How does the interview affect your thoughts about Godard and his film 'Vivre sa Vie' (1962)?


The interview makes me think of Godard as a young melancholic man that had a desire to create art in such a genuine that way he needed a 'soulmate' to express his love for film. He wanted to fall in love with the main character in the way the audience would fall in love with her, capturing the essence of her personal character instead of constructing one.

One thing Godard wanted to achieve was to represent the real lives of the post-war french youth, instead of sensationalising lifestyles that were out of touch and prominently displayed in the french filmscape at the time. Anna Karina was not like other actresses, but a Danish immigrant that worked her way up all by herself without losing herself and her mind. She stood out to Godard just as she stood out to us in the film, which gives us a sensee of individualism as an audience, as she was not sensationalised as a character or an individual.

I see 'Vivre sa Vie' as a helpless loveletter from Godard to Anna Karina. He reflects their realtionship in the opening scene when Nana talks to Paul about if she does not leave him she will betray him again. This reflects Godard and Anna Karinas marriage as she cheats on him a year into their marriage.
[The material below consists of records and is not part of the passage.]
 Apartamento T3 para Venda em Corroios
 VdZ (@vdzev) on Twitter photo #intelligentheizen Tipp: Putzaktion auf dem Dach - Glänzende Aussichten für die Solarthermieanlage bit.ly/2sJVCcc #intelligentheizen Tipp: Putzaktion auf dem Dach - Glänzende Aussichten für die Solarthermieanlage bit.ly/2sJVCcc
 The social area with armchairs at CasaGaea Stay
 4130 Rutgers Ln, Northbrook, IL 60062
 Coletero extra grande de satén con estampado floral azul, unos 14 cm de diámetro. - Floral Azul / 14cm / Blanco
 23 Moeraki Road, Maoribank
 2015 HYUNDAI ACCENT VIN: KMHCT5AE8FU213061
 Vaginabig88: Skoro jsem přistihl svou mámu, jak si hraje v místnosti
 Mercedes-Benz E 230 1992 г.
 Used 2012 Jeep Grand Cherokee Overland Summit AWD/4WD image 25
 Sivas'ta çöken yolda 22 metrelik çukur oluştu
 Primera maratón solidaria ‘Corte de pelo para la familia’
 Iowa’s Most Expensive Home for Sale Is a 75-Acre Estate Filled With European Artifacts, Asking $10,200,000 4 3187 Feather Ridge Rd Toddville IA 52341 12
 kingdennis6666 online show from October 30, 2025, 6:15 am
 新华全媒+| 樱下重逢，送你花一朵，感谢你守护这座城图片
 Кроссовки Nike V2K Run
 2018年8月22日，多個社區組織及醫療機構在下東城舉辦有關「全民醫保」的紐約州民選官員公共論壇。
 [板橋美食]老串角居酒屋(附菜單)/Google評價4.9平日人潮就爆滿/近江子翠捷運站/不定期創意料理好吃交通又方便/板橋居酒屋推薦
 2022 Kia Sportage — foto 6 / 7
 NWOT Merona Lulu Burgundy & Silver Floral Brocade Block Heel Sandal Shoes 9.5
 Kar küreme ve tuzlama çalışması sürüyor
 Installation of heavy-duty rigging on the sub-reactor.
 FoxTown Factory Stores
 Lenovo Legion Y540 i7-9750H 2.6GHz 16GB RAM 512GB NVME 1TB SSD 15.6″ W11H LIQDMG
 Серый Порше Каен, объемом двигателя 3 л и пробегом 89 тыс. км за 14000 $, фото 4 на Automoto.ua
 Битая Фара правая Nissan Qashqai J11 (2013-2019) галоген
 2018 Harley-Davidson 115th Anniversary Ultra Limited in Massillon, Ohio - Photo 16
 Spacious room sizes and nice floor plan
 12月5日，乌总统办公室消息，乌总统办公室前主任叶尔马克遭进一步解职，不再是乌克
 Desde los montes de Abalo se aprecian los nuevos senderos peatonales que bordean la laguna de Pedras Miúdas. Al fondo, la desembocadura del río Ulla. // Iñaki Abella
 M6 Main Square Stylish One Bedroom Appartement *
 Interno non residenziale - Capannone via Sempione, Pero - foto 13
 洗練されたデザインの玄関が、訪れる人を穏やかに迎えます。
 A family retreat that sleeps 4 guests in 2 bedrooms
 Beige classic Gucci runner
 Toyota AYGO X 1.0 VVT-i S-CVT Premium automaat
Although I do not know the reasons behind what she did I believe Godard tried to reignite their love by working together.

In the eleventh sequence of the film Godard reads from the Edgar Allan Poe story 'The Oval Portrait'.
Godard recites passages regarding a painter that grows obsessed with a painting depicting his wife that he pays no attention to the real woman. When he is finished he looks at the work and exclaims, “This is indeed life itself!” Then turns to see his bride, and discovers that she has died and her spirit has transferred into the lifelike painting. The inference is clear; Godard saw it as fate that he would lose the woman he loved as the price of their artistic collaboration, and that is the bitter irony of the film.